▶ _Task brief_:
Leaving out the pictures, please reproduce exactly and only the lines from the one that contains "2024 RAM 1500" through the last line below.

▶ _Recorded data_:
+ + + +

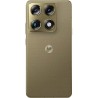 Celular Motorola Moto G Signature 6.7" Pulgadas 5G Martini Olive Olivo 16GB 1TB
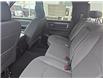 2024 RAM 1500 Classic Warlock (Stk: R212) in Miramichi - Image 11 of 13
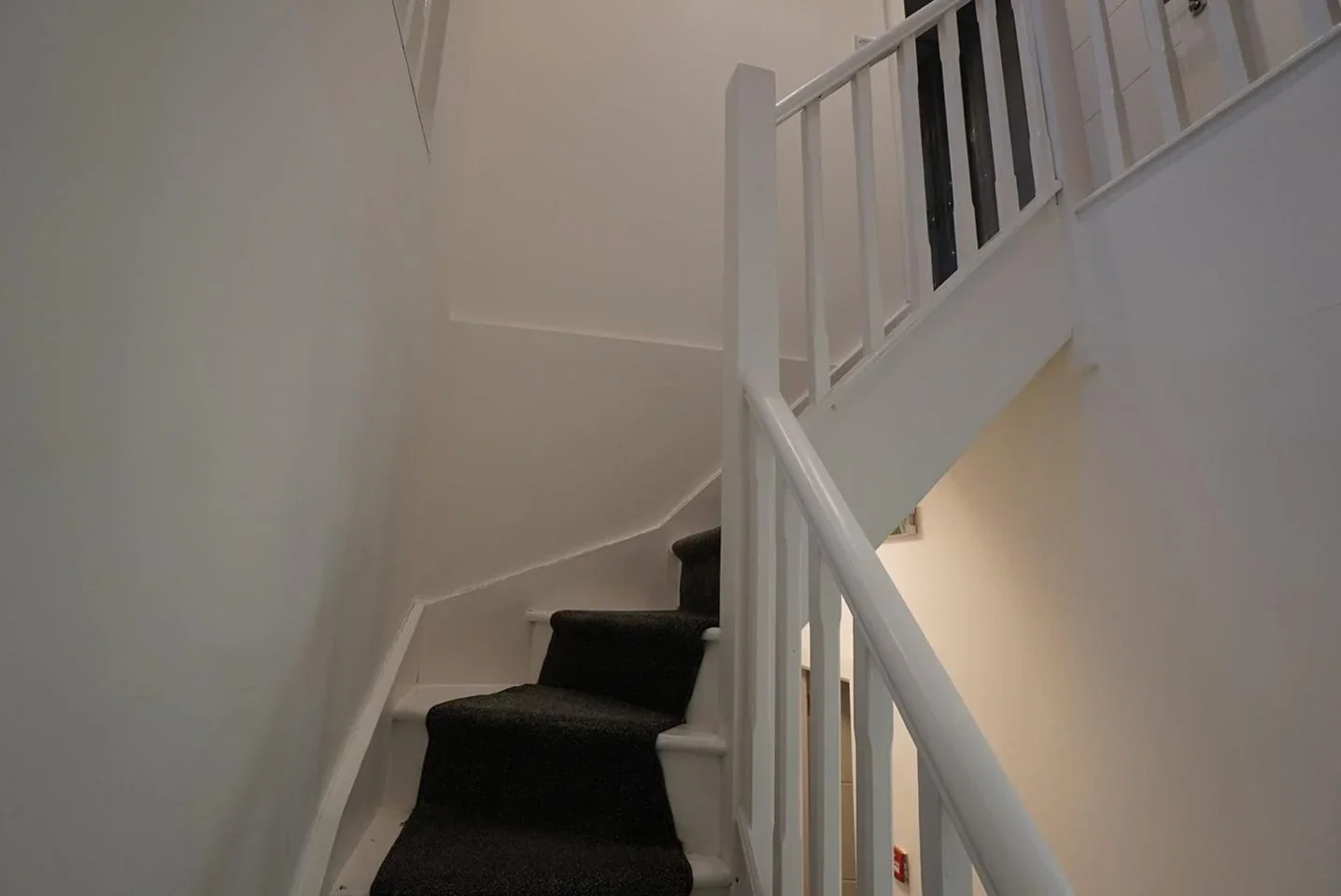 Room Harrow Road in Greater London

+ + + +

▶ _Written response_:
 2024 RAM 1500 Classic Warlock (Stk: R212) in Miramichi - Image 11 of 13
 Room Harrow Road in Greater London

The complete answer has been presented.